Thanks, Dawn. I'm glad this has been helpful! Again, you can use more powerful ring lights, headlamps, etc. if you need more light. I was just looking for the best bargain to feature. Good luck!
Nice - I recently started using velcro on an older Falcon Eyes F7 pocket LED (12 watts) and securing it to the top rim of my Godox s2 bracket - bright enough to actually see light fall off patterns as well. Works on a 90cm reflective umbrella and a 36" octa so far. Also thinking of using a tape on cell phone magnet for the setup as well.
Headlamps are definitely a good option as well. I just couldn't find one that was brighter than the ring light without paying significantly more, and the point of the channel is to find the cheapest practical options. A good headlamp will certainly outperform what I picked. Thanks for the comment!

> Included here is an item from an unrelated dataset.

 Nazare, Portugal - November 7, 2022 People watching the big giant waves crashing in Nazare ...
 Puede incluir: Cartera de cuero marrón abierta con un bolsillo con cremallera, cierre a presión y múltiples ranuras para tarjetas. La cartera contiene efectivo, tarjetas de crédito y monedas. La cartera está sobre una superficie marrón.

Not really. It's a little complicated. There are a lot of factors involved like what kind of modifier you're using, how the actual speedlight is mounted inside of it, etc. The way the light bounces around inside the modifier plays a large role in the quality of light produced as it exits. The ring light is a soft, unfocused, low intensity light, and it's probably always going to have to be be facing towards your model to be effective since it's only so bright. A Speedlight is a high intensity, focused burst, and it may be facing into the modifier rather than towards the model. For example if you're using a shoot-in umbrella you already can change the quality of that light on your subject depending on how deep the flash is inside the umbrella, how zoomed the head is (or if you're using a bare bulb instead of a Fresnel head), what the power is, etc. The lighting from the ring light is behave much differently, and you would need a much more powerful one than I chose for this dirt-cheap example, to even come close to the output of a tiny speedlight. So You may get a very vague idea of what your light boundaries are if you were using a softbox, dish, or shoot-in umbrella, which actually controls the edge of your light spill, but at the end of the day it'll probably be a poor representation of what you'll see from the flash. And with a shoot-through umbrella or a scrim you don't have any edge control to begin with. The purpose of this hack is to give you just enough light to get your AF to lock if you don't have, or choose not to use an AF-assist feature. I hope this answers your question.